5th Nov 2013 10:57
LONDON (Alliance News) - UK equity markets opened in a positive mood Tuesday and held on to gains while digesting a busy morning of corporate earnings, only to be sold off on the release of updated growth forecasts from the European Commission.
The latest growth forecasts from the Commission say that the eurozone economy will shrink by 0.4% in 2013, unchanged from its previous estimate. It predicted growth of 1.1% in 2014, compared to a previous forecast of 1.2%. The forecasts also noted that only "very modest" labor market improvements can be expected in the eurozone by 2015.
Shortly after the Commission forecasts, the EU producer price index has come in at up 0.1% month-on-month for September, up from flat in August but lower than the expected reading of up 0.2%. The year-on-year number was down 0.9%, versus down 0.8% in August and worse than the down 0.7% expected.
The further evidence of deflationary pressure will add to that of the EU CPI numbers released last week, which showed a slowdown in price growth to 0.7% in October from 1.1% in September, and fuel speculation of an ECB rate cut ahead of its policy meeting later this week.
"As a summary, we have jobless up and growth lower which feeds into reinforcing rate cut talk", says CMC Chief Senior Strategist Michael Hewson.
UK equities took a tumble on release of the mid-morning forecasts and inflation numbers.
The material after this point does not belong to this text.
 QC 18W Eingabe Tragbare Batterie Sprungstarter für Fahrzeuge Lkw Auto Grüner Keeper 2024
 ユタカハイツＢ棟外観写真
The FTSE 100 is now down 0.5% at 6,733.05, the FTSE 250 is down 0.6% at 15377.22, and the AIM all share is down 0.1% at 810.60.
European markets also sold off on the release of the numbers. The DAX is now down 0.4% and the CAC40 is down 0.5%.
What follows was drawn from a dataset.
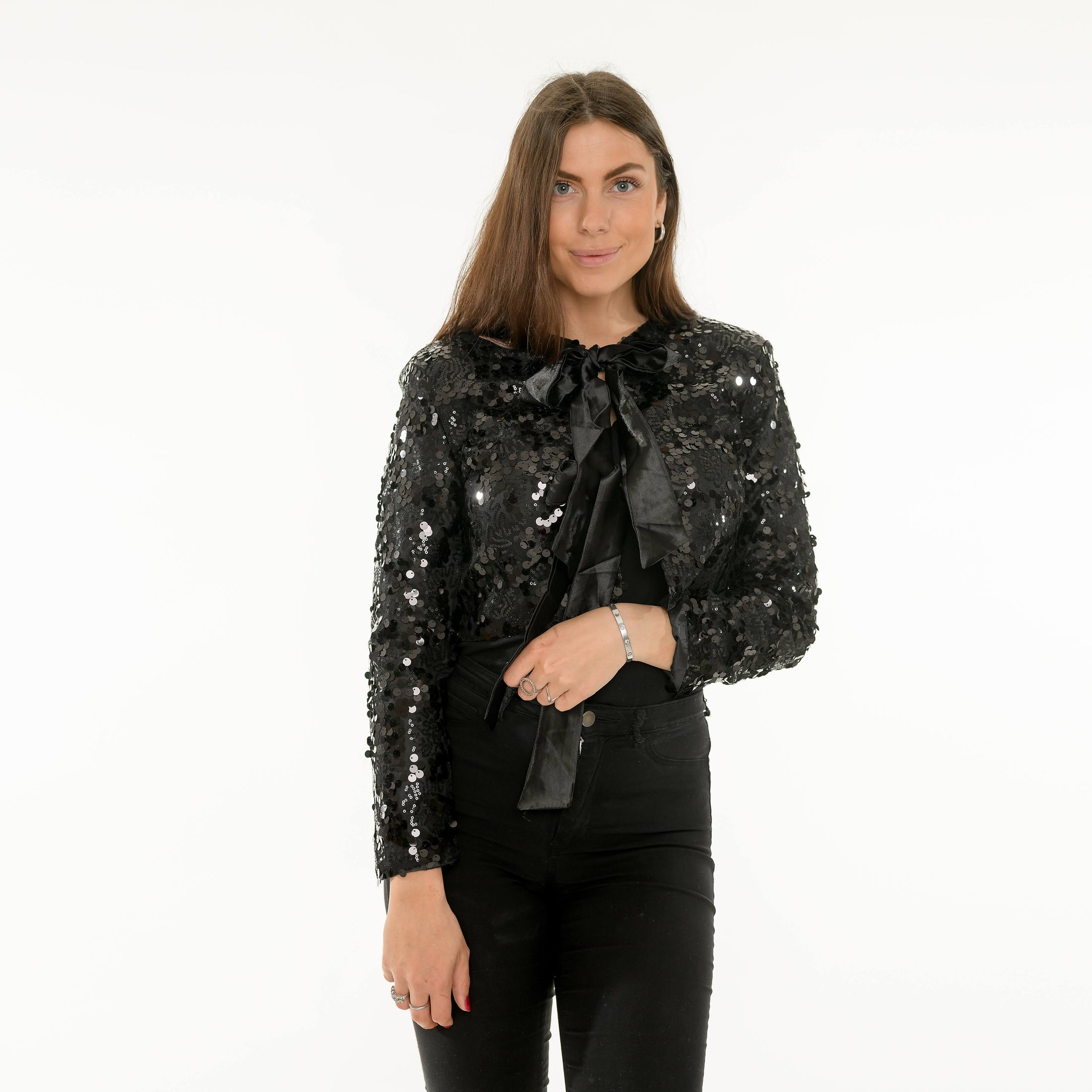 Bella Cardigan - Sort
"Quite frankly, I think people are looking at the fact that European markets are near 5 year highs, the prospect of further stimulus, and then looking at earnings and thinking where?s the next growth phase going to come from", says CMC's Hewson.
British service sector activity expanded at the fastest pace in more than sixteen years in October, the Markit Economics and the Chartered Institute of Purchasing & Supply (CIPS) survey revealed. The index rose to 62.5 in October from September's 60.3, beating economist expectations of 59.8. The October reading represented the sharpest rise in activity since May 1997. "This has largely been the result of rising levels of incoming new business placed with service providers as market sentiment has improved in line with a strengthened economic climate," Markit said.
"Overall, this is a strong number from the UK, which suggests the recovery has not only been sustained at a high level but is also gaining momentum. This has defied some analyst fears that the UK economy would cool off, and hence why the market could reconsider the prospects for the pound", says Forex.com research director Kathleen Brooks.
The release of the UK data and EC forecasts spurred the most volatility seen so far this week in the forex markets. The pound has jumped about 0.6% against the dollar to a high of USD1.6058. The pound has gained against the euro which continues to struggle on rate cut fears. Against the pound the euro trades at GBP0.8410.
Within UK equities, metal and mining stocks are leading the sector gains for the second day on the back of continued positive PMI data from China. The FTSE 350 industrial metals sector is us 1.8% and the mining sector is up 1.6%.
Marks & Spencer lead the individual blue chip gainers after the high street retailer released interim results that showed strong growth in its online sales, although profits were flat overall. M&S shares are up 3.3%.